J/A+A/707/A348 AB Aur NOEMA CS 3-2 datacube (Riviere-Marichalar+, 2026)
AB Aur, a Rosetta stone for studies of planet formation.
IV. C/O estimates from CS and SO interferometric observations.
Riviere-Marichalar P., Fuente A., le Gal R., Neri R., Esplugues G.,
Semenov D., Teague R., Santamaria-Miranda A.
<Astron. Astrophys. 707, A348 (2026)>
=2026A&A...707A.348R 2026A&A...707A.348R (SIMBAD/NED BibCode)
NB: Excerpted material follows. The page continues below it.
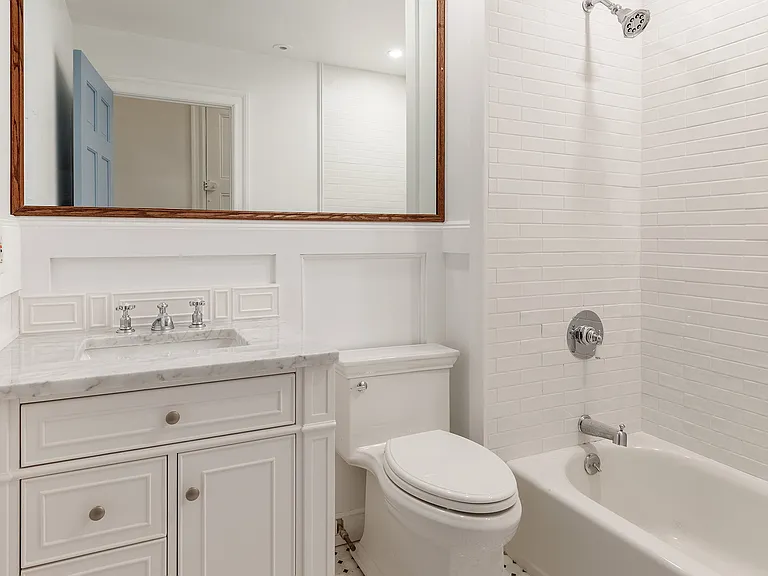 129 E 61st St #3 — Photo 12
ADC_Keywords: Stars, pre-main sequence ; Radio lines ; Abundances
Keywords: astrochemistry - techniques: interferometric - protoplanetary disks -
ISM: abundances - ISM: molecules
Abstract:
Protoplanetary disks are the birthplace of planets. As such, they set
the initial chemical abundances available for planetary
atmosphere formation. Thus, studying elemental abundances, molecular
compositions, and abundance ratios in protoplanetary disks is key to
linking planetary atmospheres to their formation sites.
We aim to derive the sulfur abundance and the C/O ratio in the AB Aur
disk using interferometric observations of CS and SO.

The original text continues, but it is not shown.